START PROVIDED MATERIAL

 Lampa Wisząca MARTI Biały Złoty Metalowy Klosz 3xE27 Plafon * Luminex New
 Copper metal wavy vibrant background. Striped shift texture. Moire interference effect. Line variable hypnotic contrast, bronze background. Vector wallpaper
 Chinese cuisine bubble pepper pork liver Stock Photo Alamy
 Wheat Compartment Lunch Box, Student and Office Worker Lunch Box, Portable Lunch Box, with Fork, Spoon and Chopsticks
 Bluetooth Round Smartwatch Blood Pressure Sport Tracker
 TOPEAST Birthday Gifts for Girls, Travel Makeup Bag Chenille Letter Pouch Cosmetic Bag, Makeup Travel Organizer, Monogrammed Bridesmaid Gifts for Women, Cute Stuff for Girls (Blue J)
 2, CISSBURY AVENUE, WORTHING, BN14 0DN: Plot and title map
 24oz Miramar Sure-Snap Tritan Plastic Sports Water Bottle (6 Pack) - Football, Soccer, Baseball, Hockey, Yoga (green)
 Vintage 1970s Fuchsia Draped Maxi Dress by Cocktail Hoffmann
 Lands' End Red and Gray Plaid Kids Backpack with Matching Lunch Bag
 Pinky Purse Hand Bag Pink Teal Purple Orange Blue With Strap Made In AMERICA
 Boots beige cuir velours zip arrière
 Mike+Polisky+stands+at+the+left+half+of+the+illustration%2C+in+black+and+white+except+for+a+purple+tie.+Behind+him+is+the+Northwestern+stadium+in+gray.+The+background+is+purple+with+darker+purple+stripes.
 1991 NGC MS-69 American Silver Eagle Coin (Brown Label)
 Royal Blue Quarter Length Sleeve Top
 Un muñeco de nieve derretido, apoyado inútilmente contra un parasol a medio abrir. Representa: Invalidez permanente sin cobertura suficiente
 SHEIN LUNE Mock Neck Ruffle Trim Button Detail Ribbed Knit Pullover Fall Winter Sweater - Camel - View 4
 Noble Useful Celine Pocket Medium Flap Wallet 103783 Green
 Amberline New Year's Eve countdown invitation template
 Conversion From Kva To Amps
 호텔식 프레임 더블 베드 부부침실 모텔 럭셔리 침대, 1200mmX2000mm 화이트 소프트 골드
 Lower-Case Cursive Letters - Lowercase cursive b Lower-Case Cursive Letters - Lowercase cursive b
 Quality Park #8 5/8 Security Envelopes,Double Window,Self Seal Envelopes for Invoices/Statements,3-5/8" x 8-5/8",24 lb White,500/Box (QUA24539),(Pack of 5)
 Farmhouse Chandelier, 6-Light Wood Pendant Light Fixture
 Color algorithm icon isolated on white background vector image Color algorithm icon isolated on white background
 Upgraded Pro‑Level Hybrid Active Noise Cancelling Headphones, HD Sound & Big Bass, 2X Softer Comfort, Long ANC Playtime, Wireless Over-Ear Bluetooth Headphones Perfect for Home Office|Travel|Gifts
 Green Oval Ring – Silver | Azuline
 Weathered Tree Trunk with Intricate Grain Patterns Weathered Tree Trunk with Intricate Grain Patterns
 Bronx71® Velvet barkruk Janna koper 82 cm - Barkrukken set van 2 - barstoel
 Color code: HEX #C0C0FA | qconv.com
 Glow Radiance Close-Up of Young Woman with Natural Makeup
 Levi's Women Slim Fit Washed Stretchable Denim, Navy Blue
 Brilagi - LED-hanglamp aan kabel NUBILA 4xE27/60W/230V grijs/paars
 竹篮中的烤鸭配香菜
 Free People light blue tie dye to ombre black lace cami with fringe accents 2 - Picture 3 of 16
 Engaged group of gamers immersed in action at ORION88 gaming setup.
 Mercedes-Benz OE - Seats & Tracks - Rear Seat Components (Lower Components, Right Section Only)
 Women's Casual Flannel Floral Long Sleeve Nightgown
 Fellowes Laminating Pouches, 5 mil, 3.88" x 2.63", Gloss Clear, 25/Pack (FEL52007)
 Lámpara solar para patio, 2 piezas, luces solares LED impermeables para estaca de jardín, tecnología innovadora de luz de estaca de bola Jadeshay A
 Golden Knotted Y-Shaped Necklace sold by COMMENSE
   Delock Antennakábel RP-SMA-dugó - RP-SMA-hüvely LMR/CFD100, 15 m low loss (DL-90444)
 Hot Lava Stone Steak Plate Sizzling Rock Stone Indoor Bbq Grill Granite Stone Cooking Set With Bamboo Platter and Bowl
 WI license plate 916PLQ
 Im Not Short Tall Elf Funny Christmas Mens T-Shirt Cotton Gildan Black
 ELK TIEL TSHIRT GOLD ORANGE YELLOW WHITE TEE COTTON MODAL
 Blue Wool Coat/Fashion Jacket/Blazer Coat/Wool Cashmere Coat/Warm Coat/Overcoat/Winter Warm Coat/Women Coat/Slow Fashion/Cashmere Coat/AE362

END PROVIDED MATERIAL

**TASK BRIEF**: All entries must be printed exactly, with nothing omitted.

**SOLVED EXERCISE**:
 Lampa Wisząca MARTI Biały Złoty Metalowy Klosz 3xE27 Plafon * Luminex New
 Copper metal wavy vibrant background. Striped shift texture. Moire interference effect. Line variable hypnotic contrast, bronze background. Vector wallpaper
 Chinese cuisine bubble pepper pork liver Stock Photo Alamy
 Wheat Compartment Lunch Box, Student and Office Worker Lunch Box, Portable Lunch Box, with Fork, Spoon and Chopsticks
 Bluetooth Round Smartwatch Blood Pressure Sport Tracker
 TOPEAST Birthday Gifts for Girls, Travel Makeup Bag Chenille Letter Pouch Cosmetic Bag, Makeup Travel Organizer, Monogrammed Bridesmaid Gifts for Women, Cute Stuff for Girls (Blue J)
 2, CISSBURY AVENUE, WORTHING, BN14 0DN: Plot and title map
 24oz Miramar Sure-Snap Tritan Plastic Sports Water Bottle (6 Pack) - Football, Soccer, Baseball, Hockey, Yoga (green)
 Vintage 1970s Fuchsia Draped Maxi Dress by Cocktail Hoffmann
 Lands' End Red and Gray Plaid Kids Backpack with Matching Lunch Bag
 Pinky Purse Hand Bag Pink Teal Purple Orange Blue With Strap Made In AMERICA
 Boots beige cuir velours zip arrière
 Mike+Polisky+stands+at+the+left+half+of+the+illustration%2C+in+black+and+white+except+for+a+purple+tie.+Behind+him+is+the+Northwestern+stadium+in+gray.+The+background+is+purple+with+darker+purple+stripes.
 1991 NGC MS-69 American Silver Eagle Coin (Brown Label)
 Royal Blue Quarter Length Sleeve Top
 Un muñeco de nieve derretido, apoyado inútilmente contra un parasol a medio abrir. Representa: Invalidez permanente sin cobertura suficiente
 SHEIN LUNE Mock Neck Ruffle Trim Button Detail Ribbed Knit Pullover Fall Winter Sweater - Camel - View 4
 Noble Useful Celine Pocket Medium Flap Wallet 103783 Green
 Amberline New Year's Eve countdown invitation template
 Conversion From Kva To Amps
 호텔식 프레임 더블 베드 부부침실 모텔 럭셔리 침대, 1200mmX2000mm 화이트 소프트 골드
 Lower-Case Cursive Letters - Lowercase cursive b Lower-Case Cursive Letters - Lowercase cursive b
 Quality Park #8 5/8 Security Envelopes,Double Window,Self Seal Envelopes for Invoices/Statements,3-5/8" x 8-5/8",24 lb White,500/Box (QUA24539),(Pack of 5)
 Farmhouse Chandelier, 6-Light Wood Pendant Light Fixture
 Color algorithm icon isolated on white background vector image Color algorithm icon isolated on white background
 Upgraded Pro‑Level Hybrid Active Noise Cancelling Headphones, HD Sound & Big Bass, 2X Softer Comfort, Long ANC Playtime, Wireless Over-Ear Bluetooth Headphones Perfect for Home Office|Travel|Gifts
 Green Oval Ring – Silver | Azuline
 Weathered Tree Trunk with Intricate Grain Patterns Weathered Tree Trunk with Intricate Grain Patterns
 Bronx71® Velvet barkruk Janna koper 82 cm - Barkrukken set van 2 - barstoel
 Color code: HEX #C0C0FA | qconv.com
 Glow Radiance Close-Up of Young Woman with Natural Makeup
 Levi's Women Slim Fit Washed Stretchable Denim, Navy Blue
 Brilagi - LED-hanglamp aan kabel NUBILA 4xE27/60W/230V grijs/paars
 竹篮中的烤鸭配香菜
 Free People light blue tie dye to ombre black lace cami with fringe accents 2 - Picture 3 of 16
 Engaged group of gamers immersed in action at ORION88 gaming setup.
 Mercedes-Benz OE - Seats & Tracks - Rear Seat Components (Lower Components, Right Section Only)
 Women's Casual Flannel Floral Long Sleeve Nightgown
 Fellowes Laminating Pouches, 5 mil, 3.88" x 2.63", Gloss Clear, 25/Pack (FEL52007)
 Lámpara solar para patio, 2 piezas, luces solares LED impermeables para estaca de jardín, tecnología innovadora de luz de estaca de bola Jadeshay A
 Golden Knotted Y-Shaped Necklace sold by COMMENSE
   Delock Antennakábel RP-SMA-dugó - RP-SMA-hüvely LMR/CFD100, 15 m low loss (DL-90444)
 Hot Lava Stone Steak Plate Sizzling Rock Stone Indoor Bbq Grill Granite Stone Cooking Set With Bamboo Platter and Bowl
 WI license plate 916PLQ
 Im Not Short Tall Elf Funny Christmas Mens T-Shirt Cotton Gildan Black
 ELK TIEL TSHIRT GOLD ORANGE YELLOW WHITE TEE COTTON MODAL
 Blue Wool Coat/Fashion Jacket/Blazer Coat/Wool Cashmere Coat/Warm Coat/Overcoat/Winter Warm Coat/Women Coat/Slow Fashion/Cashmere Coat/AE362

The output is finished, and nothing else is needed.